Ben Collins-Sussman wrote:
>Branko Äibej <[EMAIL PROTECTED]> writes:
>
>
>
>>This interface looks sane, and I can cobble up a Windows implementation
>>in two eyeblinks. As for the patch itself: utimes() is a BSDism and may
>>not be available on all systems. The Unix implementation needs to check
>>for this, and use utime() instead if utimes() isn't available.
>>
>>
>
>Branko, I just committed your & Matt's patches for
>apr_file_mtime_set(). Your test passes for me.
>
>Can you give me a clue about how to "check for utimes()" on unix
>platforms?
>
>
Configury, my man!
Find an appropriate place in configure.in, then:
AC_CHECK_FUNCS(utime, utimes)
That'll get HAVE_UTIME and/or HAVE_UTIMES defined in
include/arch/unix/apr_private.h.
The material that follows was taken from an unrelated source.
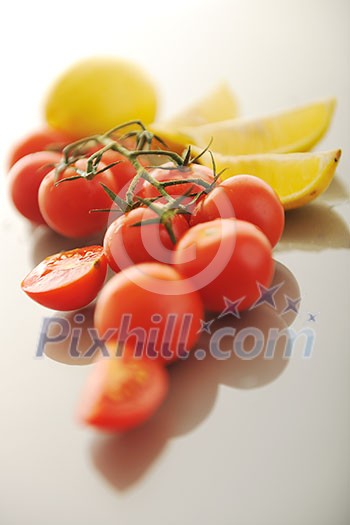 fresh lemon and tomato fruit isolated on white fresh lemon and tomato fruit isolated on white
Then you just condinitonalize the code
on those defines, giving utimes (which has the more precise interface)
priority; e.g.,
#if HAVE_UTIMES
...use utimes...
#elif HAVE_UTIME
...use utime...
#else
return APR_ENOTIMPL:
#endif
Not that there's much chance that any Unix wouldn't have at least utime().
I don't think you have to tweak apr.h.in. There's no reason to export
which syscall we're using. You do have to put in dummy implementations
that return APR_ENOTIMPL for OS/2 and Netware, though.